_YOUR ASSIGNMENT_. Output every line of the material exactly, omitting images.

-------- MATERIAL PROVIDED --------

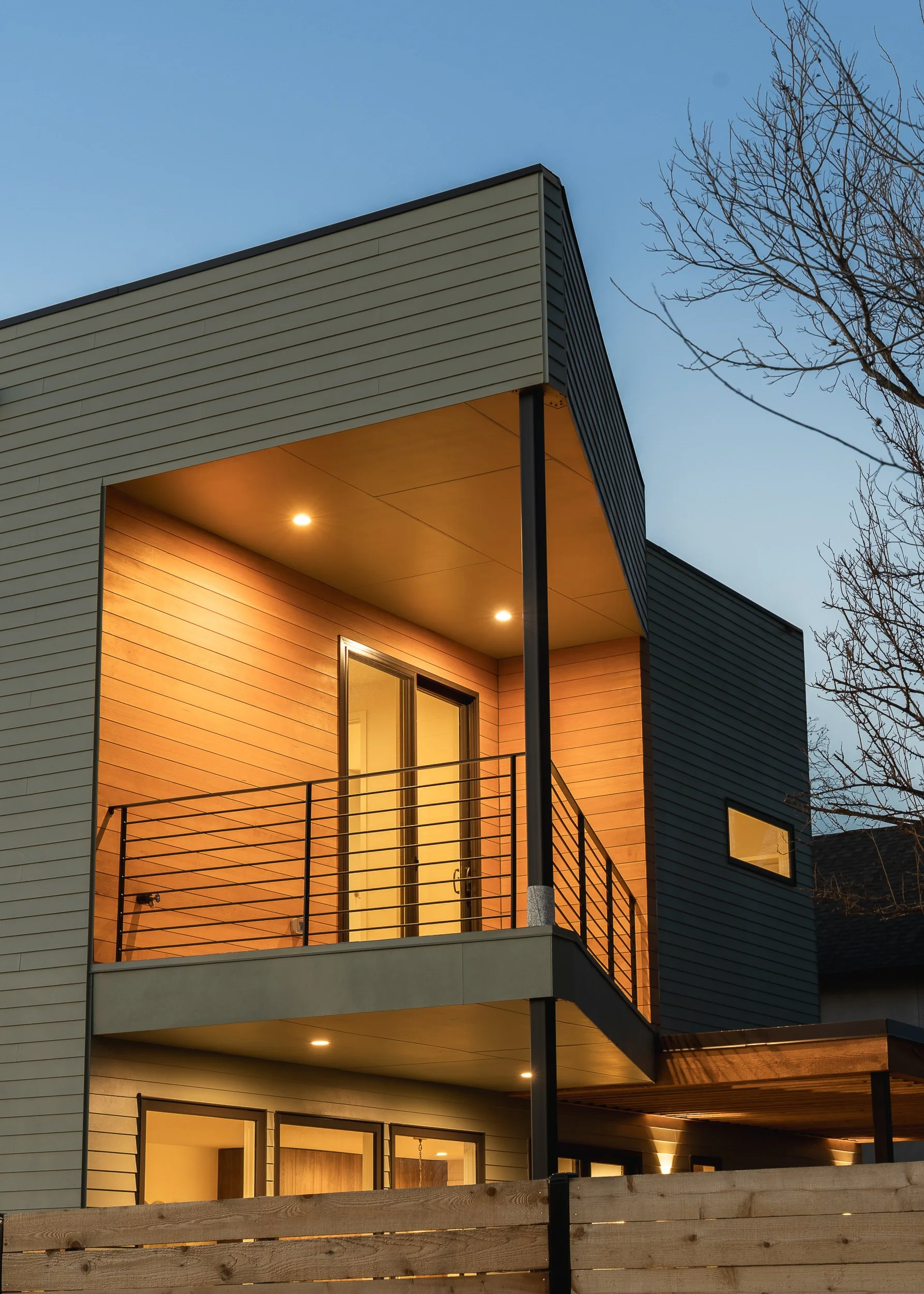 Modern multi-story residential building with lit windows and a balcony, surrounded by leafless trees, during dusk.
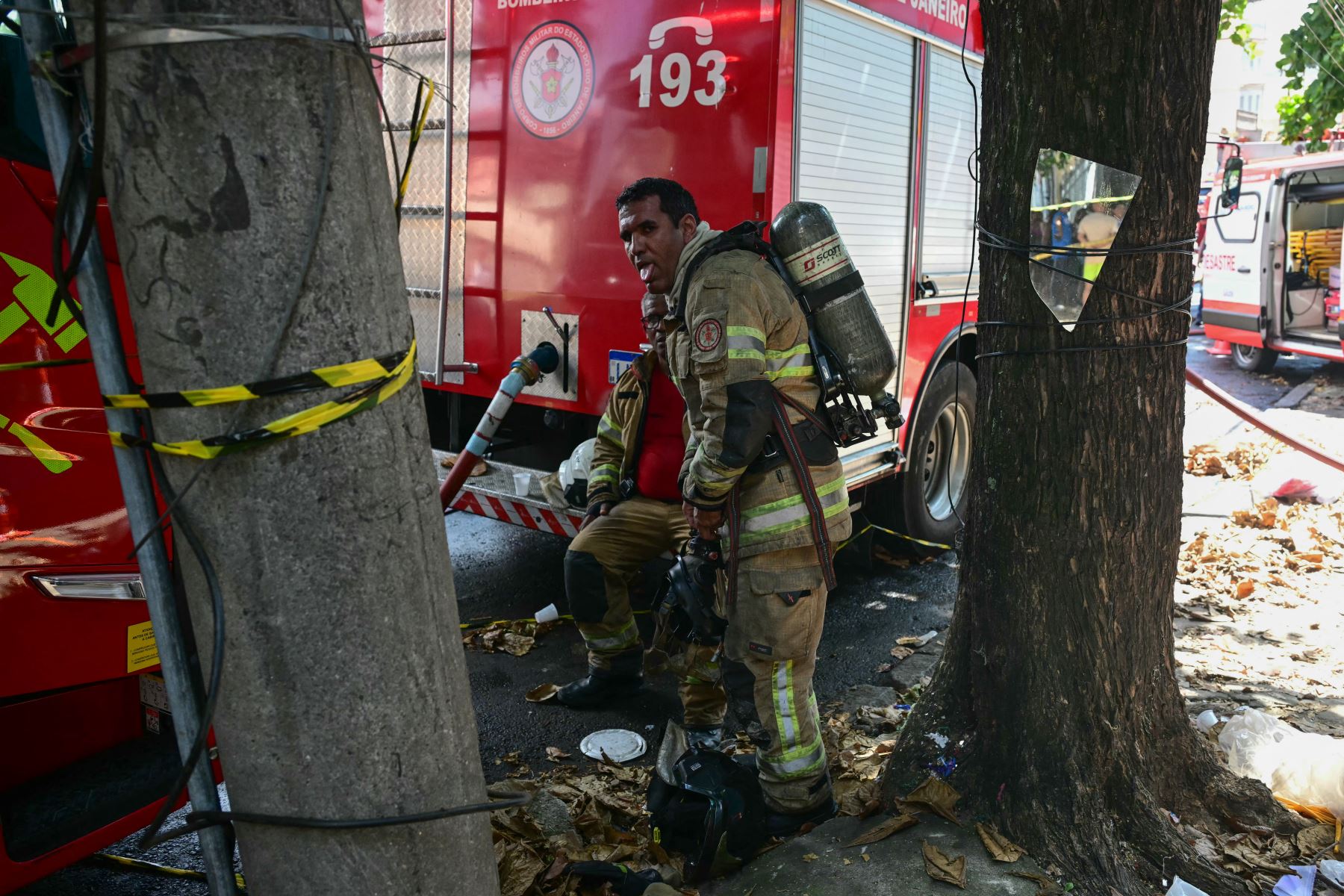 Los bomberos descansan tras apagar un incendio en una fábrica textil especializada en la confección de trajes de carnaval y uniformes policiales en la zona norte de Río de Janeiro, Brasil. Foto: AFP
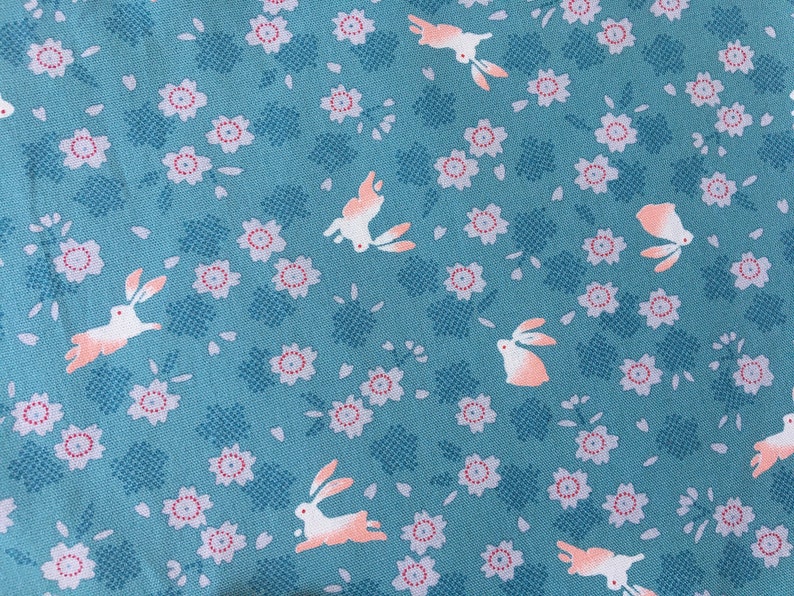 Peut inclure: Tissu bleu canard avec un motif r&eacute;p&eacute;t&eacute; de lapins blancs avec des accents p&ecirc;che et de petites fleurs roses et blanches. Les fleurs ont un centre rouge et sont dispers&eacute;es sur le tissu. Les lapins sont dans diverses poses.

--------

_ANSWER FOR THE TASK_.
 Modern multi-story residential building with lit windows and a balcony, surrounded by leafless trees, during dusk.
 Los bomberos descansan tras apagar un incendio en una fábrica textil especializada en la confección de trajes de carnaval y uniformes policiales en la zona norte de Río de Janeiro, Brasil. Foto: AFP
 Peut inclure: Tissu bleu canard avec un motif r&eacute;p&eacute;t&eacute; de lapins blancs avec des accents p&ecirc;che et de petites fleurs roses et blanches. Les fleurs ont un centre rouge et sont dispers&eacute;es sur le tissu. Les lapins sont dans diverses poses.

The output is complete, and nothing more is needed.